Task prompt: The expected output is each line from the one containing "Анастасия Мартемьянова с" to the last line of the data below, set down exactly, minus the pictures.

Records for processing:
=-=-=
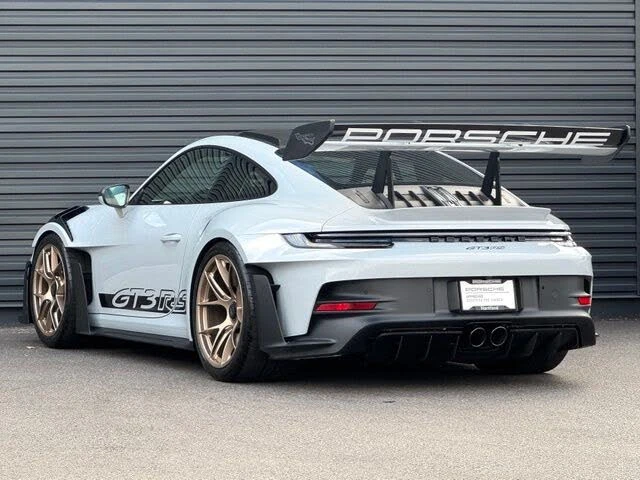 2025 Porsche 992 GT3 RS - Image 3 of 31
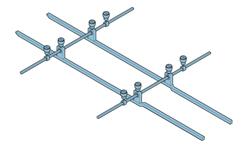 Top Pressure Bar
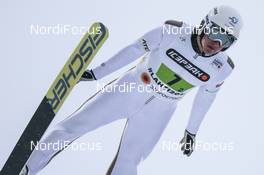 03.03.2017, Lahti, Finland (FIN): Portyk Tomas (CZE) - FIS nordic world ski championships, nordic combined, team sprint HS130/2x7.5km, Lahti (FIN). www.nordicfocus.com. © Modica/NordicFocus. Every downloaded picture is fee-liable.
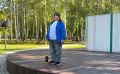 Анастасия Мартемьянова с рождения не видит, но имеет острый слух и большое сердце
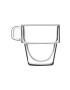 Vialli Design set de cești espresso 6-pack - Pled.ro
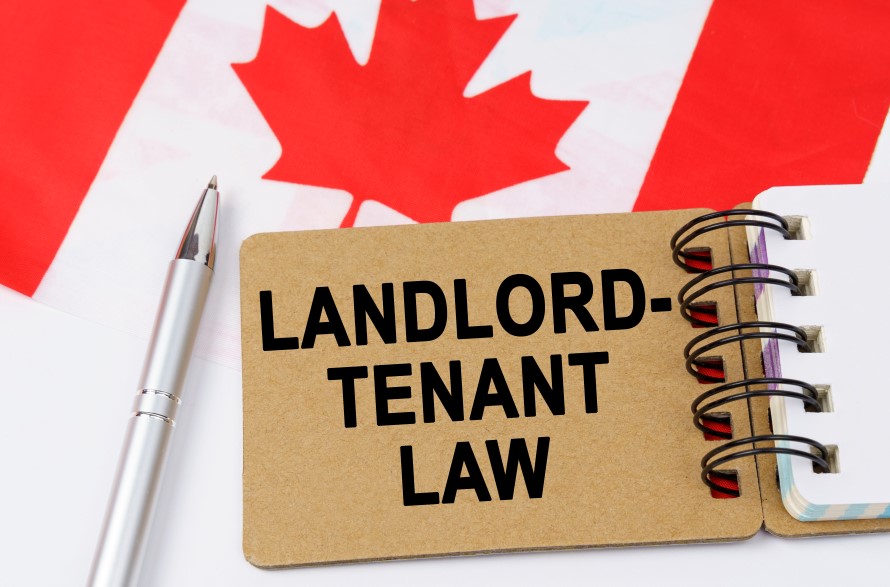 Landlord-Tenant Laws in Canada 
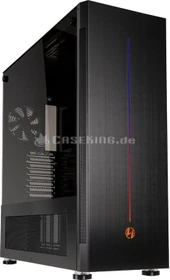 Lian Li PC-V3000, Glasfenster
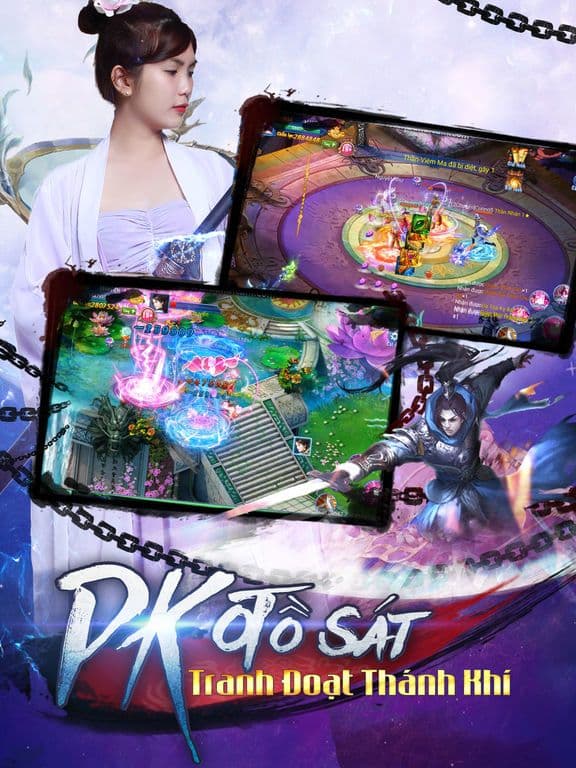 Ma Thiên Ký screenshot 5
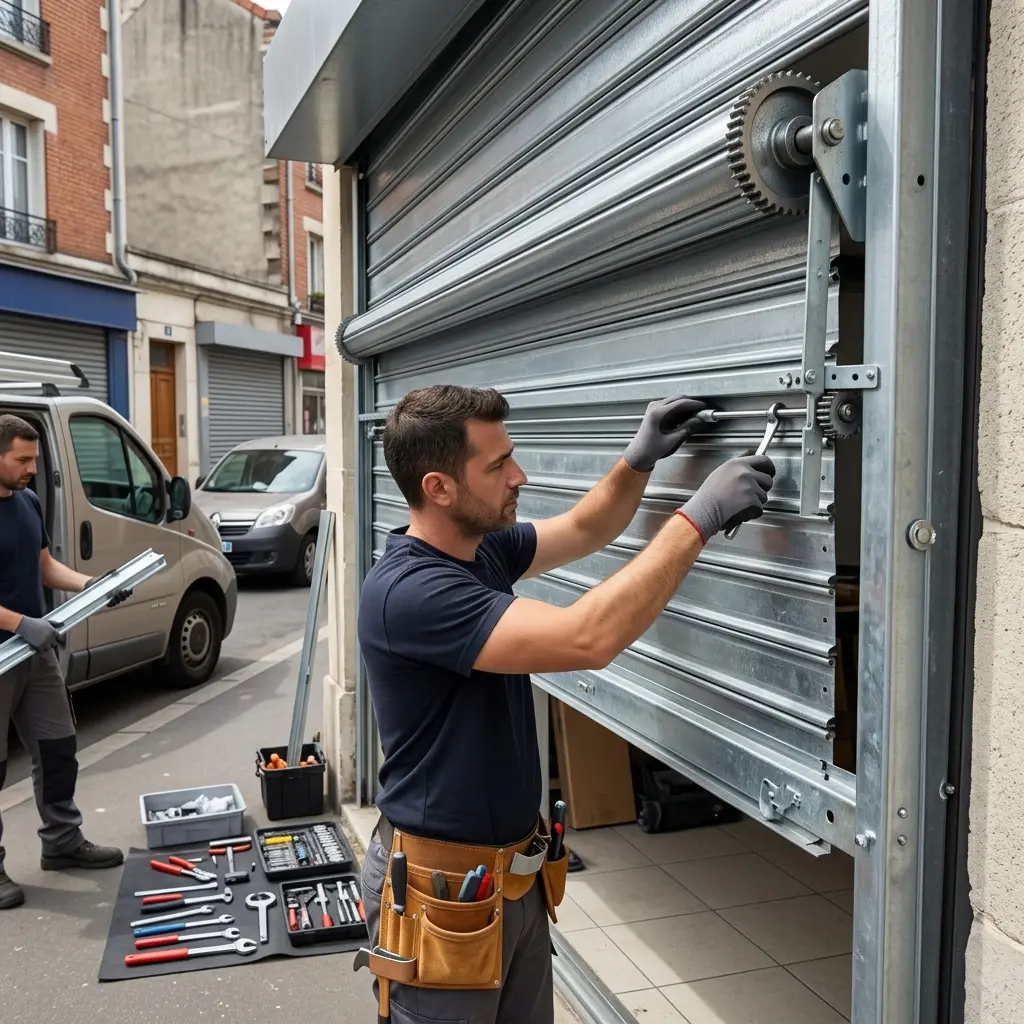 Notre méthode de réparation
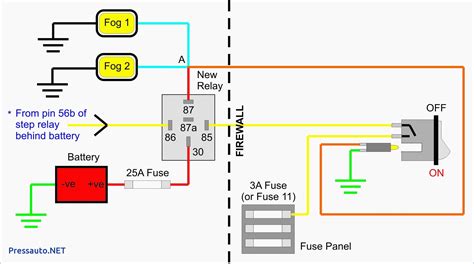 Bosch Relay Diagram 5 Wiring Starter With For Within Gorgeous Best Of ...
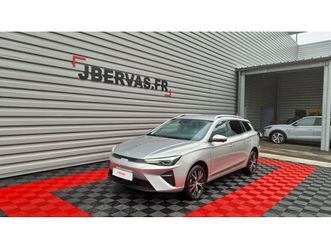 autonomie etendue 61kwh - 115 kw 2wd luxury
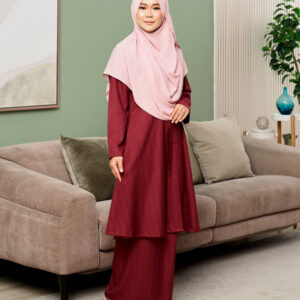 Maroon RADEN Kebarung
=-=-=
Completed task:
 Анастасия Мартемьянова с рождения не видит, но имеет острый слух и большое сердце
 Vialli Design set de cești espresso 6-pack - Pled.ro
 Landlord-Tenant Laws in Canada 
 Lian Li PC-V3000, Glasfenster
 Ma Thiên Ký screenshot 5
 Notre méthode de réparation
 Bosch Relay Diagram 5 Wiring Starter With For Within Gorgeous Best Of ...
 autonomie etendue 61kwh - 115 kw 2wd luxury
 Maroon RADEN Kebarung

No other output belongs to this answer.